■ **Activity**
Copy out the entries below exactly as they stand, but only from the line containing "4.6-4.2 Ga Early Earth Bombardment" through the line containing "栀子花香薰-详情页_03.jpg".
+++ Information given
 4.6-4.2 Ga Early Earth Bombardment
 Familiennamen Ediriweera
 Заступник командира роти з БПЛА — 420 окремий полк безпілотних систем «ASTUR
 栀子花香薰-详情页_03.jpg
++++++
+++ Information given
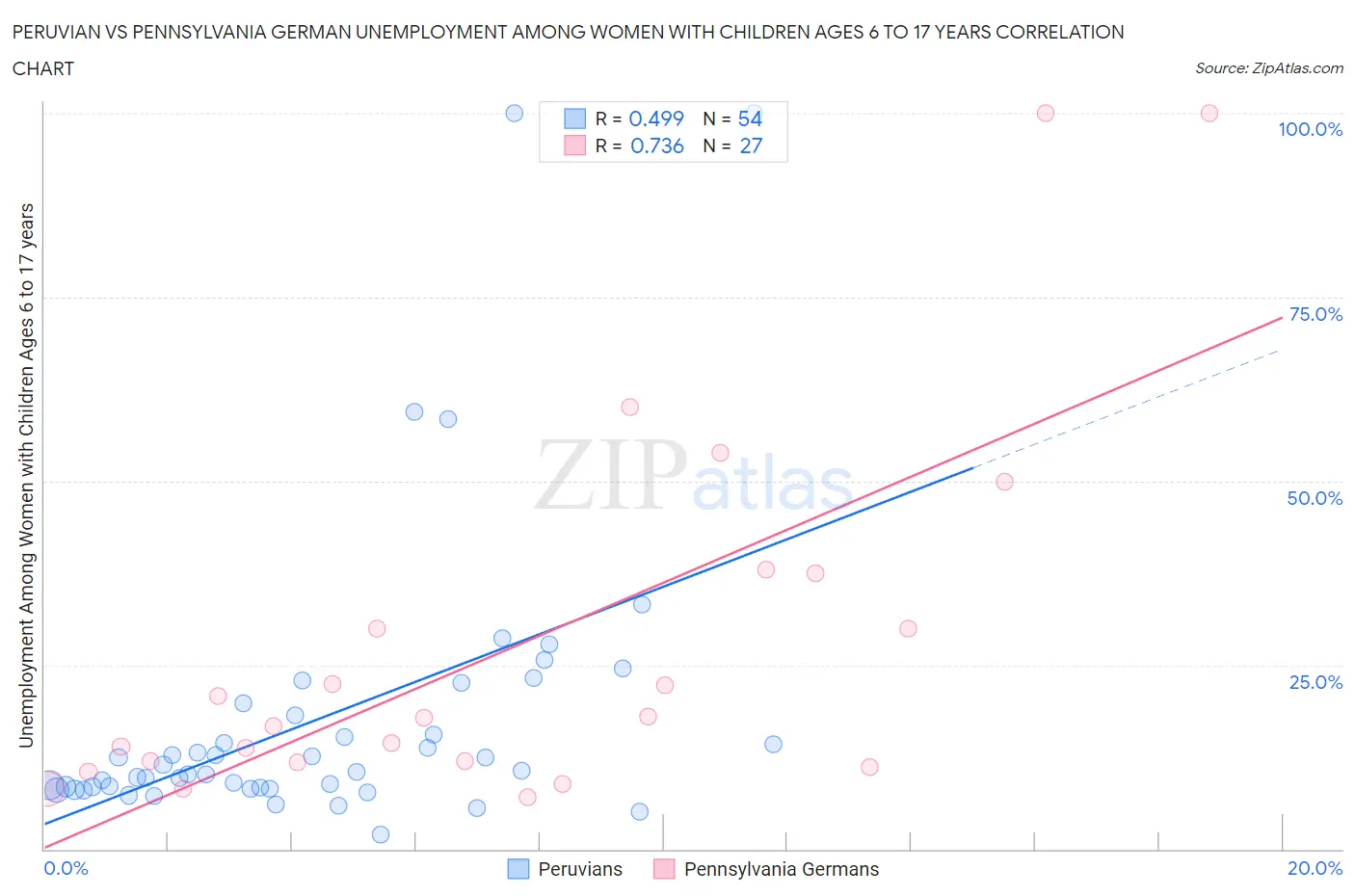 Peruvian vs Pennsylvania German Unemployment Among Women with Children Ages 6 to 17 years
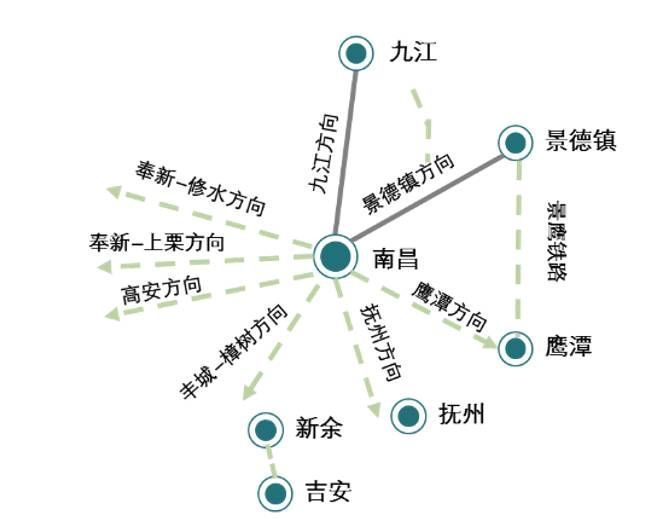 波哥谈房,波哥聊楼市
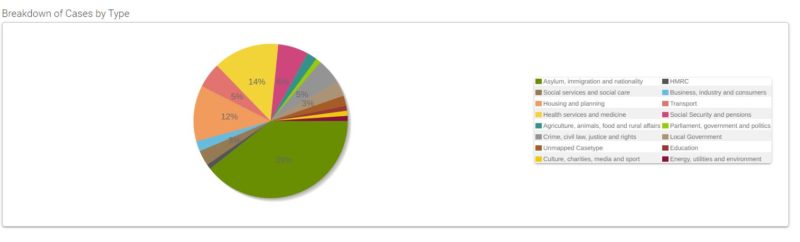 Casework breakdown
++++++
■ **Written response**
 4.6-4.2 Ga Early Earth Bombardment
 Familiennamen Ediriweera
 Заступник командира роти з БПЛА — 420 окремий полк безпілотних систем «ASTUR
 栀子花香薰-详情页_03.jpg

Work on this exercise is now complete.